Asia Brown Bag Talk with Peter Marcus Kristensen

Join us for a talk over lunch by Peter Marcus Kristensen from the Dept. of Political Science. Peter has just been appointed associate professor under the Asian Dynamics Initiative and we are pleased to welcome him aboard.  

States of Emergence

This paper starts from the puzzle that while ‘emerging’ or 'rising' powers like China, India and Brazil receive growing attention as objects for International Relations (IR) scholarship, scholars from these countries are rarely present as subjects in IR discourse. By recasting the question of 'power transitions’ as one of 'power/knowledge transitions', the paper interrogates ongoing attempts to construct ‘indigenous’ or autochtonous perspectives on international relations and global order in countries known as 'emerging powers'. Based on interviews with more than 100 scholars in China, India and Brazil, it finds that a growing number of scholars in all three countries increasingly advocate the development of indigenous perspectives on international relations in general, and on the question of power transitions and emerging powers in particular.
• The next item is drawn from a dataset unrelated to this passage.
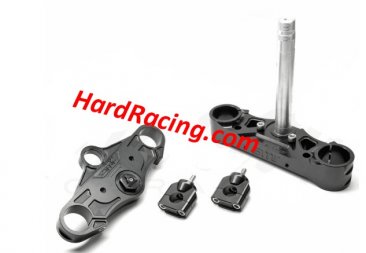 SMR Factory CNC Steering Stem Triple Tree for '13-'25 Honda Grom, SMR-1042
However, it is important to emphasize that these debates take different shapes in each country. This paper particularly explores how their different 'states of emergence’ and ‘worldings’ affect the emerging discourse on IR. ‘State of emergence’ is used here to refer to how 'risingness’ is conceived in the IR discourse of emerging powers (e.g. as reemergence to its rightful place or insertion from periphery into core) as well as how these rising imaginaries speak back to ‘Western’ IR discourse (e.g. 'Peaceful rise' as a response to 'China threat’ theories). ‘Worldings’ is used to zoom out to the broader geo-epistemic worldviews (e.g. how the world politics is construed in terms of North vs. South, West vs. Non-West, developed vs. developing, established vs. rising and so on) and how they are used to construct difference along cultural, economic or political lines. 

Time: 14 March 2017, 12:30-13:30
Place: NIAS, CSS, room 18.1.08

Feel free to bring your own lunch. There will be coffee/tea.